The cast is mostly unknown (Bex Taylor-Klaus has some experience running from the camera in Scream on TV), the plotting is pleasingly simple, a supporting cast member exudes a hint of nostalgia (Tony Todd, formerly and forever known as Candyman, is on the payroll), and the film will presumably offer atmospheric horror tropes if not much else. For people who rightfully acknowledge slasher cinema as indeed the greatest that filmdom has ever produced, Hell Fest is a must see. And in the interest of reviving this most noble art, Hell Fest must gross untold hundreds of millions of dollars. Not just 21.
Opening weekend: $8 million / Total gross: $21 million
10. White Boy Rick (September 14th)
Newcomer Richie Merritt (whose IMDB filmography really does number at just one) stars as Richard Wershe, a real life fifteen year old boy who somehow coaxed his way into the gang lifestyle of urban Michigan in the mid 1980s, and who eventually found himself occupying that increasingly legally ambiguous location between government informant and genuine drug dealer. This is a designation that didn't work out so well for the likes of Barry Seal and Manuel Noriega, nor, as it so happens, for Wershe himself (he spent 30 years in incarceration for his 1980s lifestyle, and was finally out last year. This is... kind of harsh).
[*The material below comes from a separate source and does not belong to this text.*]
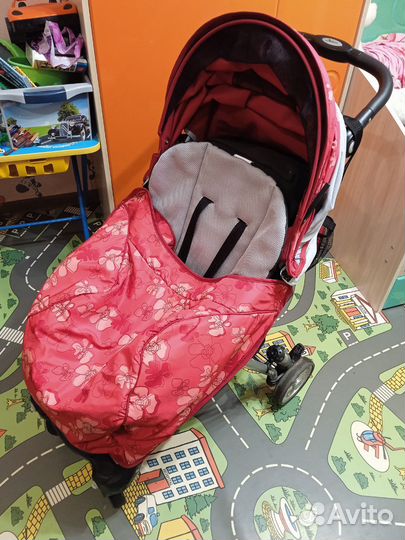 Коляска прогулочная ф. Jetem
Matthew McConaughey plays the Wershe father, bestraddling a mustache in trademark style. He should chew up some scenery opposite Jennifer Jason Leigh, as Richard's legal handler, and Bruce Dern and Piper Laurie as the Wershe grandparents, who I hope were suitably horrified. The film's trailer merrily advertises young master Wershe as the country's youngest drug dealer, hustler, and pimp, which I hope is factually correct even if I suspect is sadly untrue (what about that kid in RoboCop 2?).
The film is receiving fair reviews for awards season material, but as a drama without a lot of obvious commercial appeal, its box office roll out should be more deliberate, occupying some adult-oriented space until the bigger hitters of awards season get here in October. As is the requirement of such films, life is good until it isn't.